NEW YORK – SEPTEMBER 17, 2013 –

No other influence upon the fine arts of Europe and America has been as profound as that exerted by the great Ukiyo-e artists of Japan. Ever since the 1860s artists of the Western world have drawn great inspiration from the color woodblock prints of the Ukiyo-e artists, such as Hiroshige, Hokusai, and Utamaro. Japomisme had a pervasive influence upon the French Impressionist masters, including Monet, Degas, Renoir, Pissarro, Gauguin, and Van Gogh. The movement spread even quicker from Paris owing to the posters of Toulouse-Lautrec and Alphonse Mucha. The three most influential American masters were James McNeil Whistler, Arthur Wesley Dow, and Mary Cassatt. In architecture, Frank Lloyd Wright led the avant-garde with many structures that are indebted to the Japanese.
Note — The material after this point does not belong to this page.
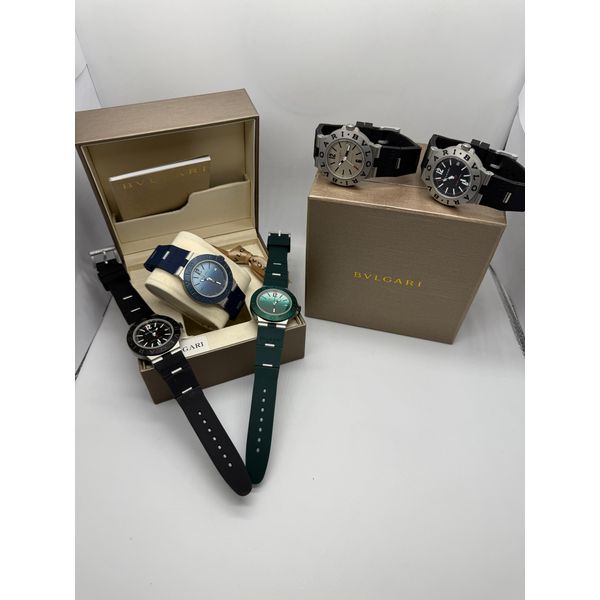 Relogio Bvlgari Aluminium 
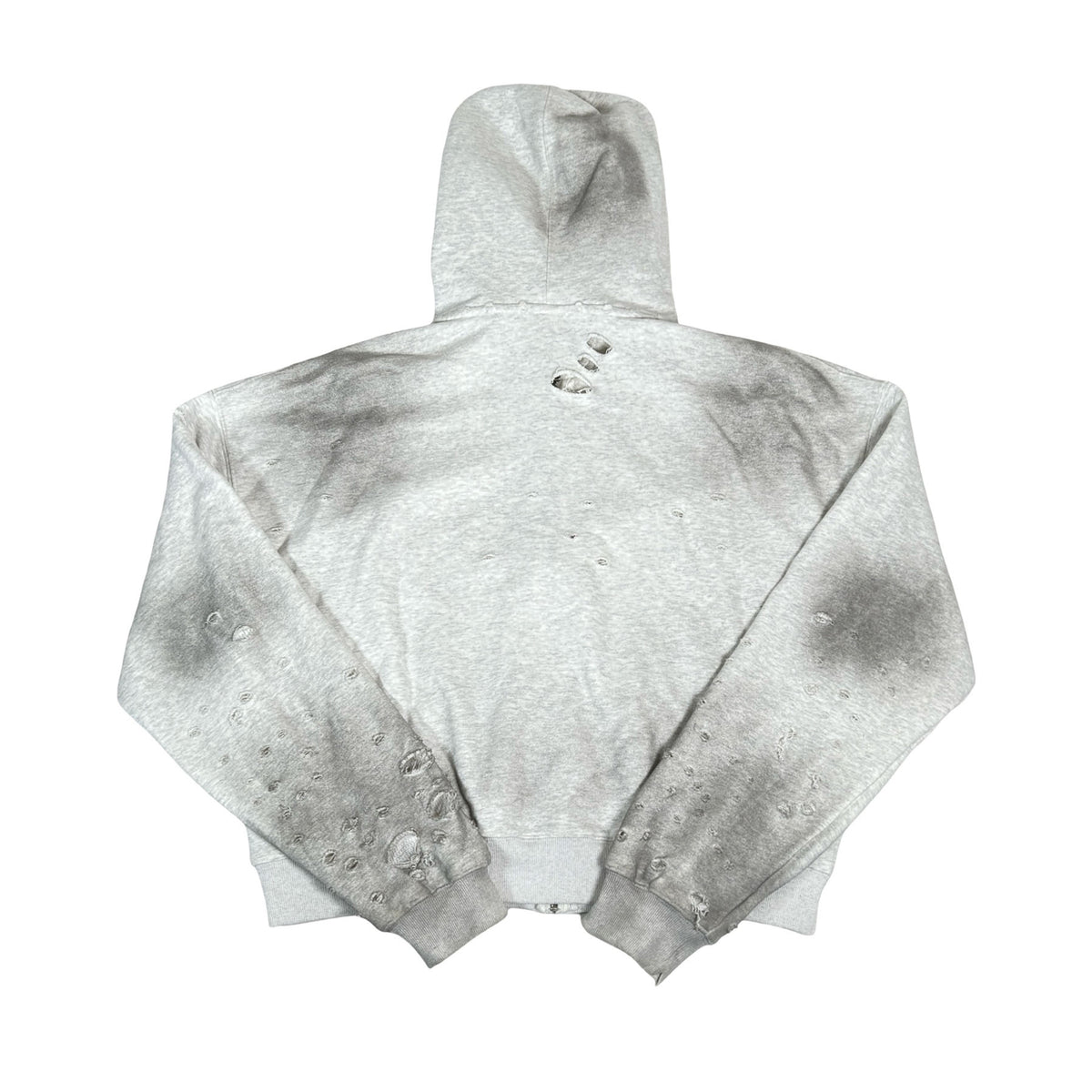 Vale Forever Valley Fest Zip Up Hoodie Grey [USED] - XL (Used)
Whether in landscape or portraiture, artists have been inspired by Japanese composition, perspective, and color for the past 150 years.  But one theme within the Ukiyo-e movement that has been explored by very few is shunga, or erotica.

Studio Vendome in SoHo has unveiled “Inappropriate Appropriations” by Geoffrey Moss, which runs through Oct 12th.  This visually compelling body of work represents the artist’s most private and unseen paintings. The series’ reference point is the classic erotica imagery of Japanese shunga, a subject with which he first became familiar while working at the Metropolitan Museum of Art. “I wanted to give this Japanese subject an American character…It’s a process of distillation in many steps” until the erotic image becomes abstracted yet still bearing a subliminal seduction.

Geoffrey Moss has led double lives for fifty years. The public knows him for his instantly recognizable style of searing political cartoons that appeared in the op-ed pages of the Washington Post for decades. He was nominated two times for the Pulitzer Prize and became one of the most sought-after illustrators in the country. No one knows that successful career was paralleled by his secret life as a brilliant abstract painter. In 1964, when he and his fellow students (who included Rackstraw Downes, Janet Fish, Brice Marden, and Richard Serra) graduated from Yale’s MFA program, Moss remained stubbornly independent and avoided exhibiting his paintings. When he met Peter Hastings Falk, the curator of this exhibition and founder of Rediscovered Masters, he was convinced otherwise. Falk points out that while Moss may have been pigeon-holed as an illustrator he stands firmly on equal footing with the best of the abstract painters of any generation.

The galleries of Studio Vendome are unique in that their exhibitions will showcase late career artists and artist estate collections deserving greater critical recognition. The shows are part of the unprecedented “Rediscovered Masters” series, whose artists are elected by an Art Advisory Board composed of distinguished museum directors, curators, historians, and critics. Falk, also a noted art historian and art reference publisher, has planned the next ten art exhibitions for Studio Vendome, some of which first showed at art museums and non-profit art centers from across the country.

Antonio “Nino” Vendome, chairman of the Vendome Group, recently opened two new art galleries under his name located in West SoHo’s burgeoning Hudson Square district. The first gallery, Studio Vendome, is located in architect Philip Johnson’s Urban Glass House at 330 Spring Street. It is featuring 12 oils on canvas plus 12 works on paper. The second gallery, Studio Vendome Projects, is located at 30 Grand Street across from The James hotel, and it is featuring 12 smaller format works on paper that are studies for the oils.

Mr. Vendome’s vision for approaching the art world in a different way came during the 1980s and 1990s owing to his close professional relationship with Philip Johnson, the great modernist American architect. The Manhattan real estate developer explained, “Philip Johnson designed the critically acclaimed ‘Habitable Sculpture’ which I intend to build one day to continue his legacy and establish the true value of architecture as art, which will highlight Johnson’s lasting impact on the American landscape.” Vendome’s overarching initiative is therefore to present visually compelling exhibitions for both galleries.

Vendome is also affectionately known for his “Nino’s Restaurant 9/11 Relief Fund” where he transformed his family restaurant in to a relief center for first responders and others at the World Trade Center site where he served tens of thousands of free meals to Ground Zero workers for seven months following 9/11.